Open AznamirWoW opened 2 months ago
That happens if your GPU is not fast enough for the Parler generation, sadly we tested this with quite a beefy setup and optimized a bit for that. On the mps support branch, I included support for melotts. You need to install it manually but on the branch there are instructions, and then you can pass '--tts melo' to the generation script and use it instead. It's quite a bit smaller so the audio should not be choppy anymore. Let me know if you do and how it works!
yup, it is choppy, even when i used H100 on runpod, the way I was able to resolve it a bit was by increasing the value of play_steps_s
to 1.0, it should help.
I forgot to mention that can also help. It was also choppy on an H100? That's unexpected! Maybe the connection latency is a bit high there? We tested with a 4090 but it was in our network.
Yeah within the same network, will not have network latency and makes a huge difference.
I forgot to mention that can also help. It was also choppy on an H100? That's unexpected! Maybe the connection latency is a bit high there? We tested with a 4090 but it was in our network.
I also tested on RTX4090 and the audio came out choppy. I have checked the GPU usage and it is under the max of the 4090 card.
yup, it is choppy, even when i used H100 on runpod, the way I was able to resolve it a bit was by increasing the value of
play_steps_s
to 1.0, it should help.
That did help to remove most choppiness, still some remains. I have not noticed much load on GPU, 6700XT does perfectly fine job.
@jasonngap1 , that's interesting, could you share more details of your setup? If I can figure out what might be happening, I could fix it :)
I think the issue could be because of the use of TCP. UDP/RTP streams would be ideal for audio streams.
I am having the same issues running on a 36 core Xeon with an RTX 4090 and 256GB of system ram.
yes exactly using tcp does cause latency issues, udp is a better option, using webrtc might be a solution.
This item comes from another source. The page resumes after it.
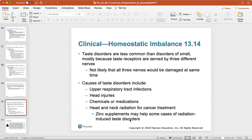We'll stop here for this lecture. The second lecture will go through parts C, D, and E of this chapter. Thanks for listening.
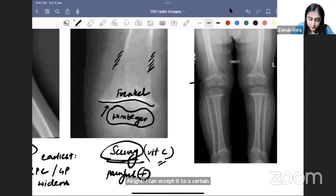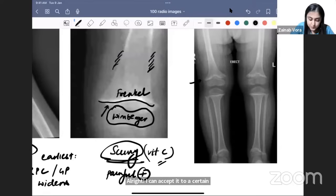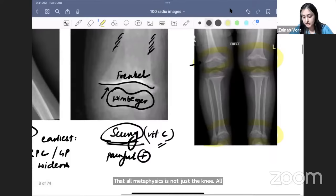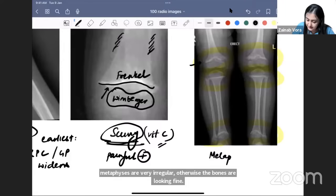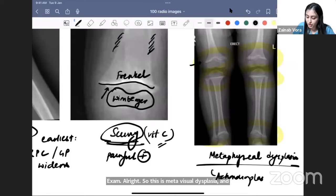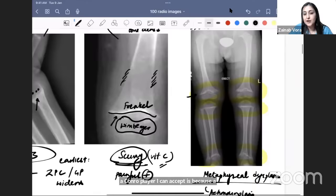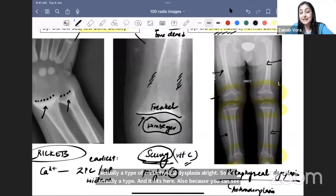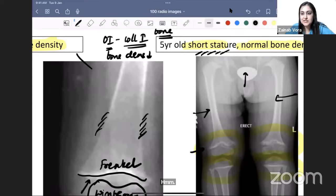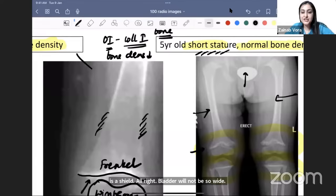Now showing an X-ray where all metaphyses — not just the knee — are very irregular, but the bones otherwise look fine. This is metaphyseal dysplasia, which came as one of the options in an INI ICT exam. Achondroplasia can be accepted here because achondroplasia is actually a type of metaphyseal dysplasia, and you can see the femur is almost equal to the tibia-fibula, indicating rhizomelic shortening.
Plus, the lag is specifically in the tts generated audio transmission.
I think the issue could be because of the use of TCP. UDP/RTP streams would be ideal for audio streams.
I am having the same issues running on a 36 core Xeon with an RTX 4090 and 256GB of system ram.
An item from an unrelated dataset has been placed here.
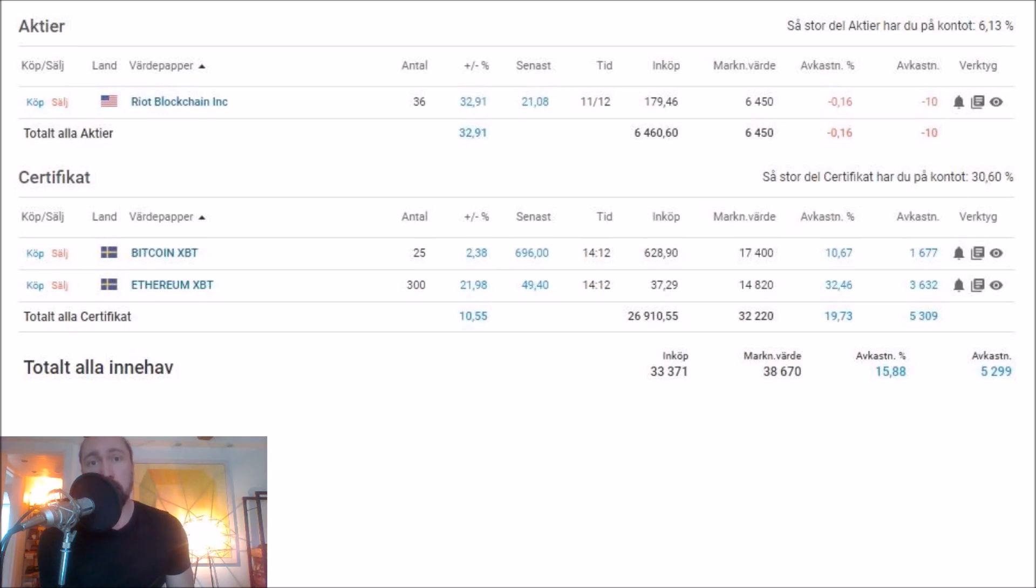This is not financial advice. Do not invest after looking at these videos. Do your own research. You might very well lose a big portion of your money investing in these volatile stocks.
My system specs is similar to yours. Strange thing is that when I load in Windows the audio comes out fine. There were much hallucination in the STT transcription but that's another issue.
For the STT transcription, I found some systems work better than others. For my with the laptop it works really well but with my airpods it creates a lot of hallucinations
yeah there might also be a need to get a more robust VAD model, sometimes it even misses the first few spoken words, I also tried to change the parameters for VAD sensitivity, but didn't get much of a difference.
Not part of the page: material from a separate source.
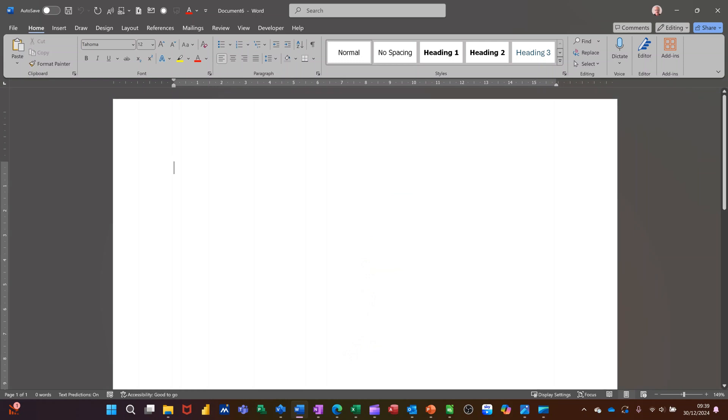Hi guys, welcome to this session in Microsoft Word. In this module, I want to talk about references, in particular, bibliography, citations and index references.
I changed the default speech_pad_ms
to 500ms to try to get whisper to transcribe audio still even when the VAD fails.
Btw, here are some of my learnings to share:
I successfully switched to UDP and the results were amazing:
Less than 10ms for a 1-sec WAV file About 10ms for a 4-5 sec WAV file About 20ms for an 11-sec WAV file
Switching to a socket-based server using UDP could be a great approach to remove audio choppiness and reduce latency. However, packet transfer handling needs to be robust, as I experienced some noise/choppiness while transferring a large WAV file. I think transferring very small chunks and stitching them up on the client side could be a great alternative to eliminate noise.
Now, with udp I am able to receive a 5 sec audio(about 80 characters) in about 0.6 seconds, which includes the time to send the text
+time to generate speech
+time to get back the audio
I didn't look at the socket code too much, is it TCP by default? can we change it to be UDP?
Typically with VoIP protocols we use RTP which is a UDP protocol, and the payload is usually 20ms of audio every 20ms. Because it's UDP, packets can arrive out of order so you need a jitter buffer on the receiving end to re-order the packets. Each packet has a sequence number and a timestamp among a few other things.
Hey there, I am looking into improving the client-server connection set up. Indeed UDP seems like a more suitable option yet handling lost and out of order packets is not trivial. I am not finding any good RTP implementation to build upon for this (found this one, yet necessity to extract the RTP part from it). Do you have a good pointer here @joecryptotoo ?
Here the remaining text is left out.